- WORK INSTRUCTION -
Only one stretch of the material below is wanted: everything from the line containing "Claude A. Whitcomb" down to the line containing "headchefpg:Jogue poker, aposte", both ends included. Repeat it exactly and skip the pictures.
(PROVIDED ENTRIES begins)
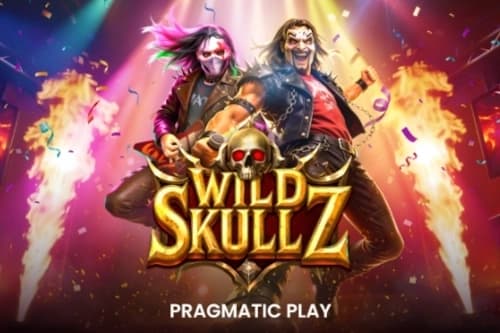 Wild Skullz slot preview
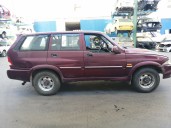 ssangyong musso del año 1999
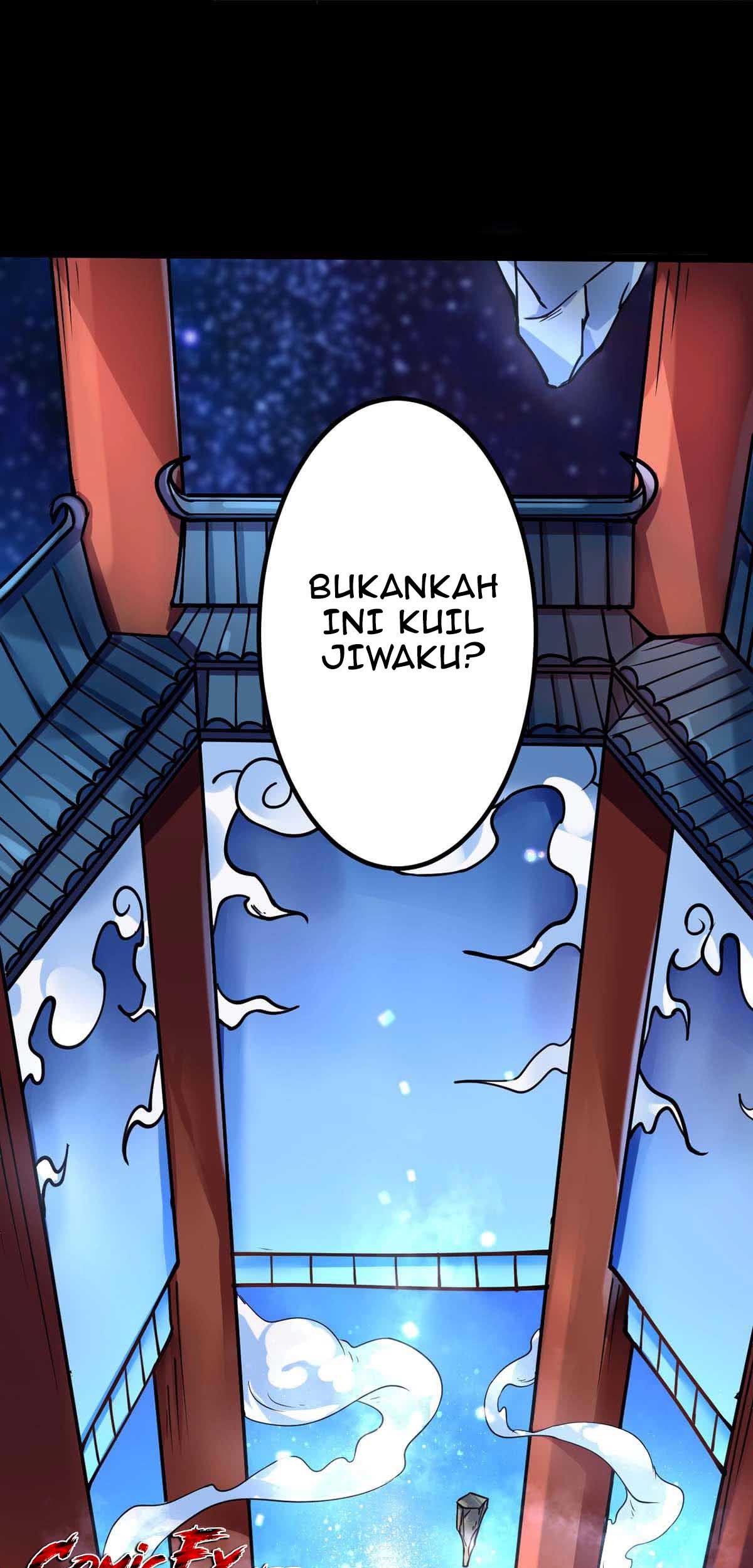 Danwu Supreme Chapter 4 Gambar 3
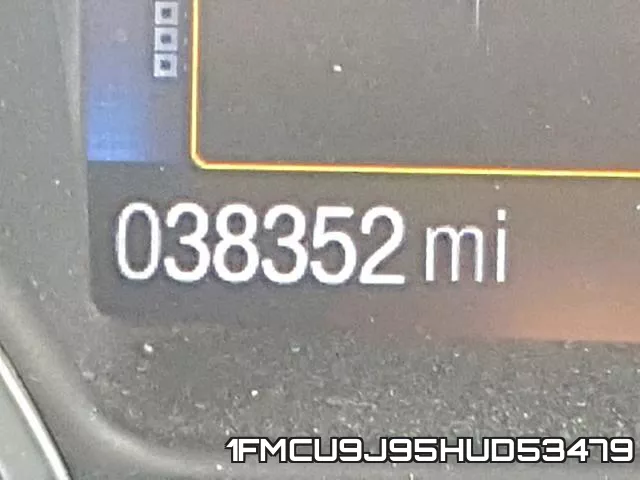 1FMCU9J95HUD53479 фото 8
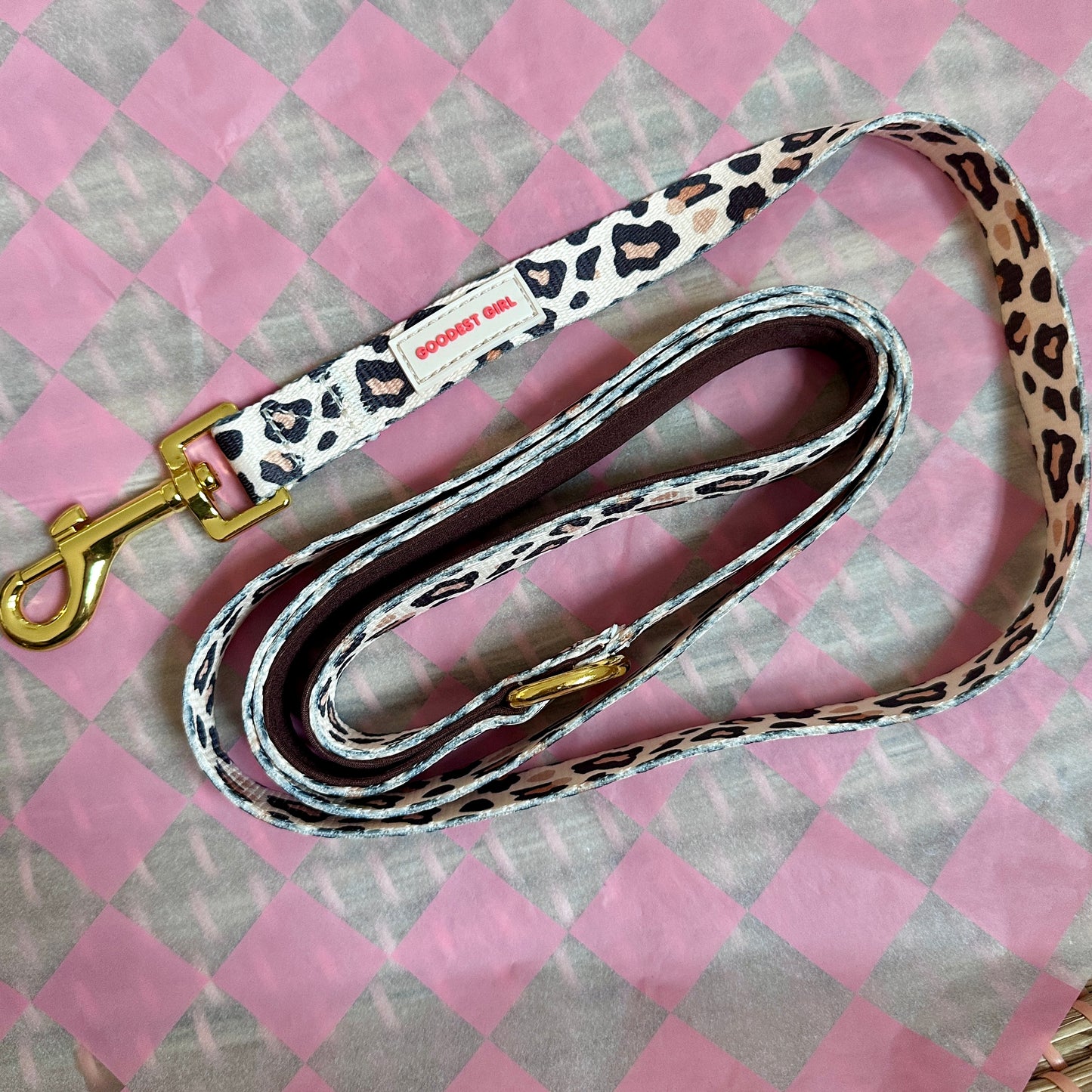 Roars & Paws Dog Lead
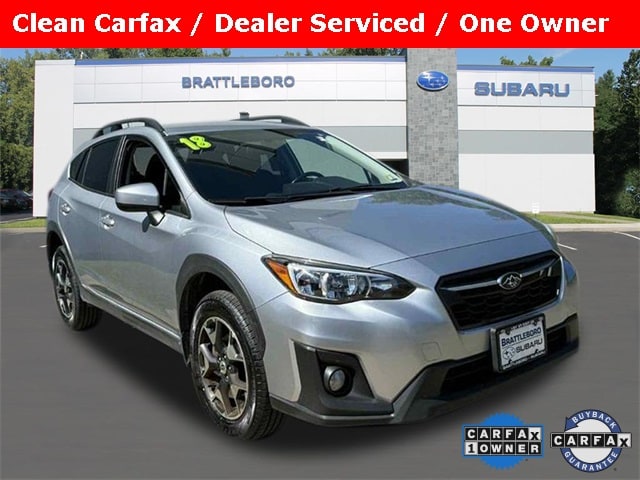 2018 Subaru Crosstrek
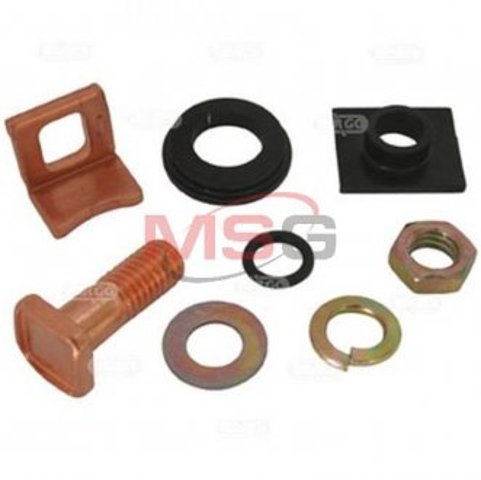 Kit de reparação do relê de tração do motor de arranco Cargo 132568 preço, a partir de 4,92 USD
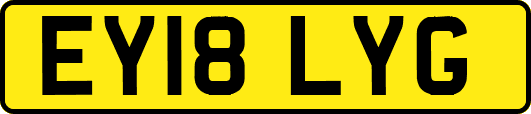 EY18LYG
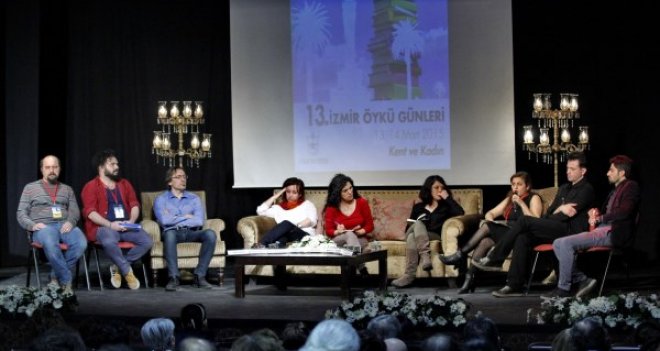 Öykü Günleri yoğun ilgi gördü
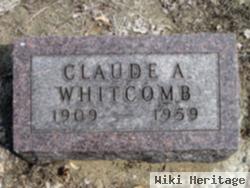 Claude A. Whitcomb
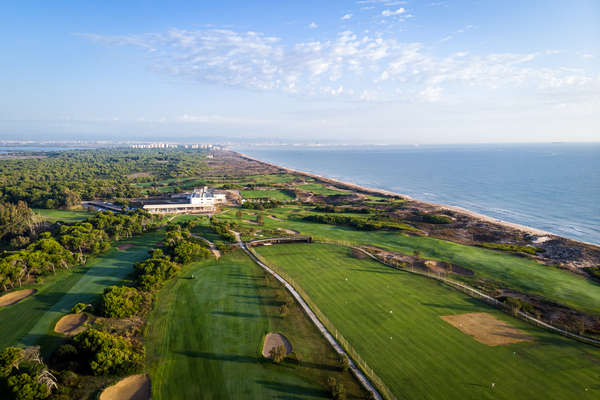 Campo de Golf Parador El Saler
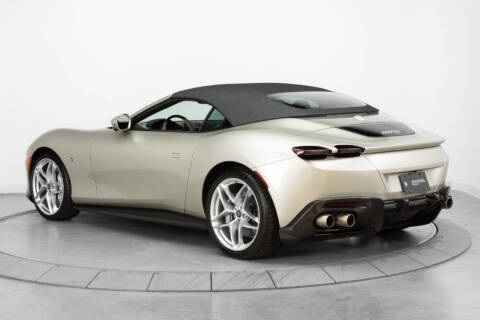 2024 Ferrari Roma Spider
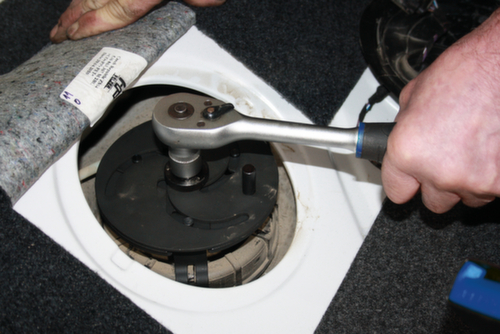 Brilliant Tools Universal Tankgeberschlüssel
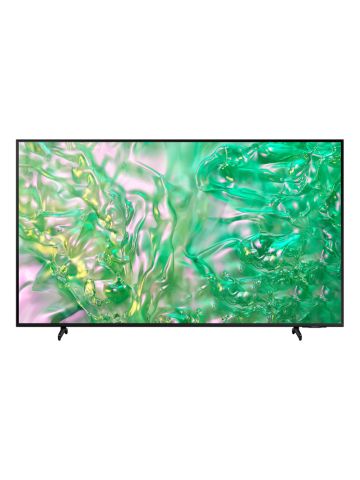 SAMSUNG UE75DU8072 - 2024 - 75"" SMART TV CRYSTAL LED 4K - BLACK - EU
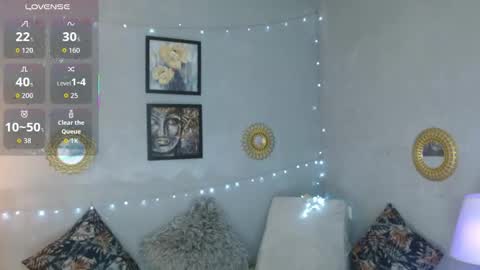 CORINNDUPONT online show from February 23, 2026, 1:03 am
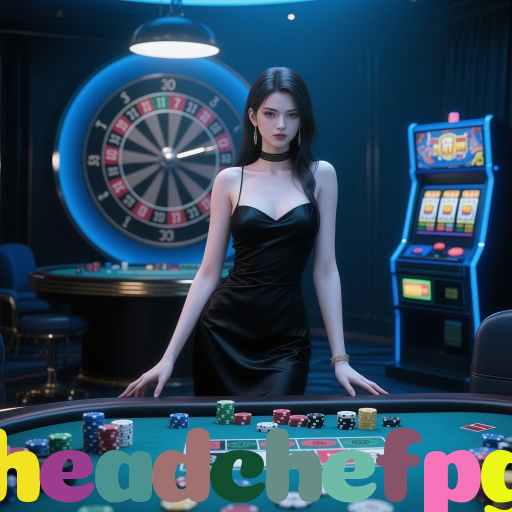 headchefpg:Jogue poker, aposte no futebol e ganhe em grandes jogos de cassino!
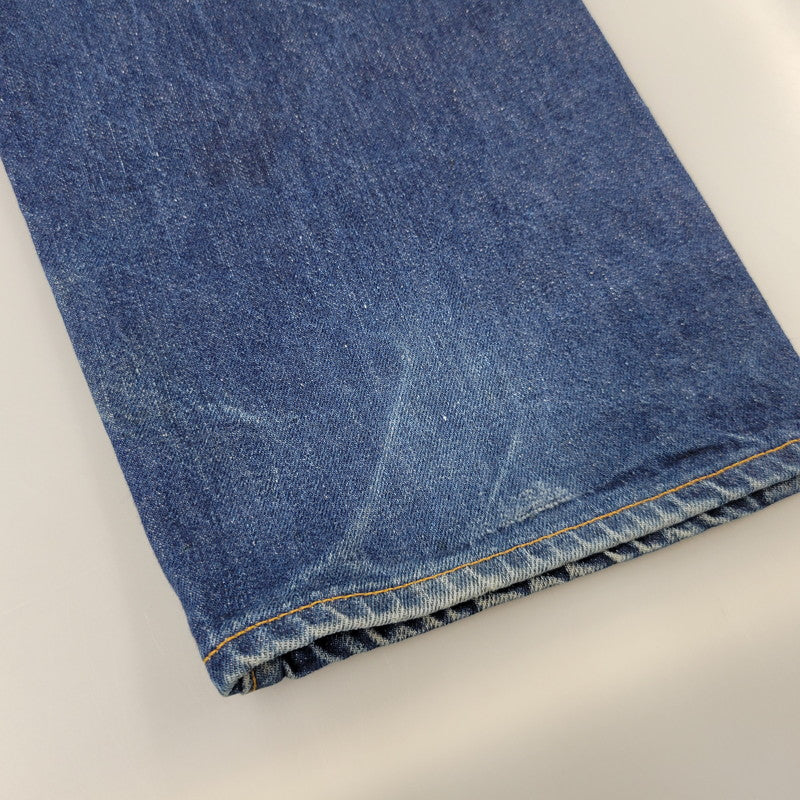 【中古品】【メンズ】 LEVI'S リーバイス DENIM PANTS デニム パンツ ボトムス 157-261014-sm-02-izu サイズ：下記参照 カラー：インディゴ 万代Net店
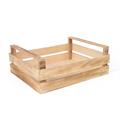 CASSETTA ABETE BRUNITO 39X30H10/14 MADE IN CHINA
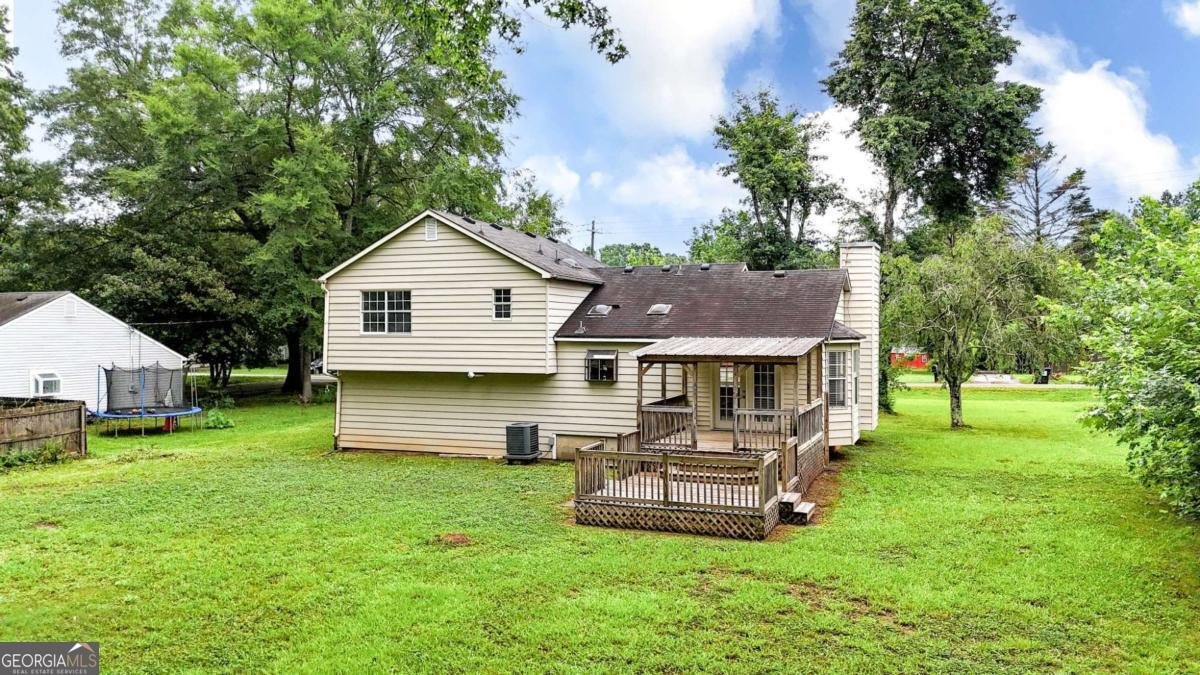 132 Bishop Road Cartersville - 33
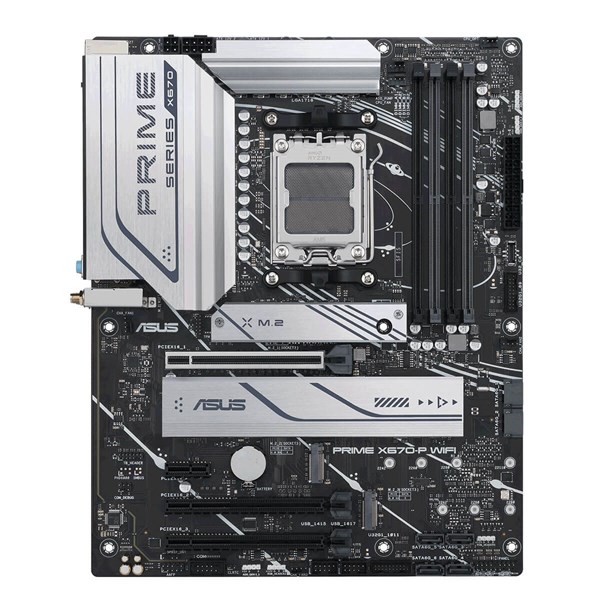 ASUS PRIME X670-P WIFI-CSM Motherboard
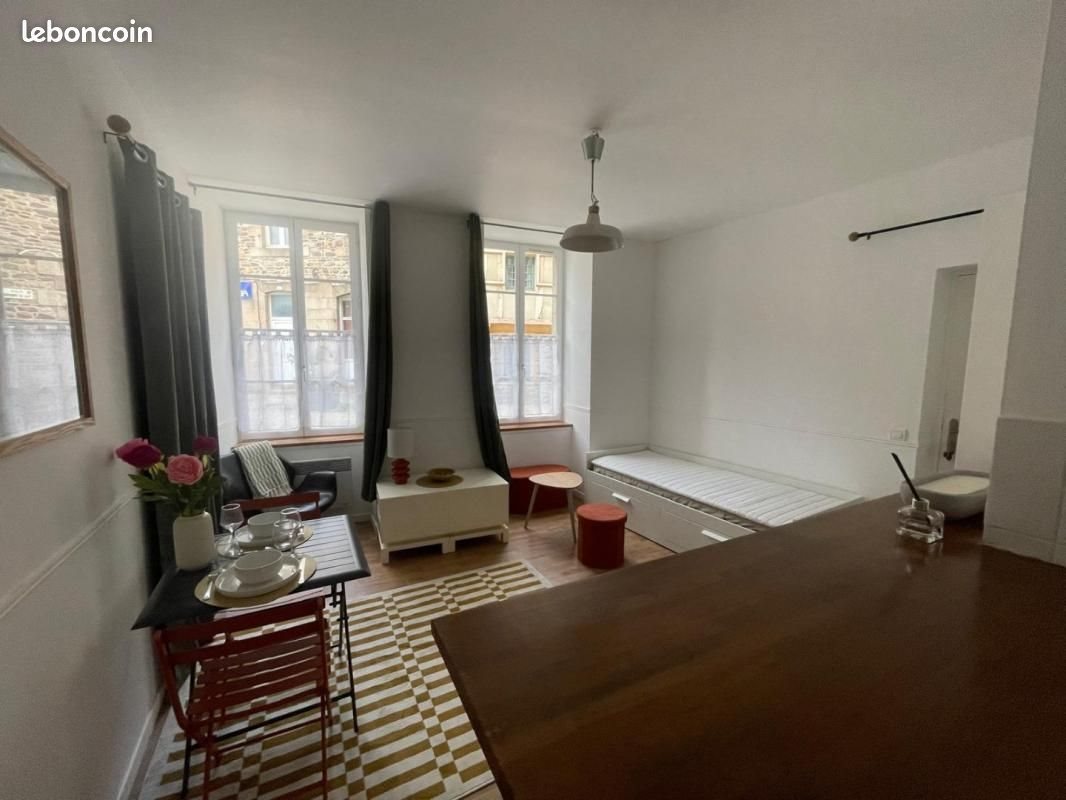 Appartement à louer, 23m², Pontrieux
(PROVIDED ENTRIES ends)
- WRITTEN RESPONSE -
 Claude A. Whitcomb
 Campo de Golf Parador El Saler
 2024 Ferrari Roma Spider
 Brilliant Tools Universal Tankgeberschlüssel
 SAMSUNG UE75DU8072 - 2024 - 75"" SMART TV CRYSTAL LED 4K - BLACK - EU
 CORINNDUPONT online show from February 23, 2026, 1:03 am
 headchefpg:Jogue poker, aposte no futebol e ganhe em grandes jogos de cassino!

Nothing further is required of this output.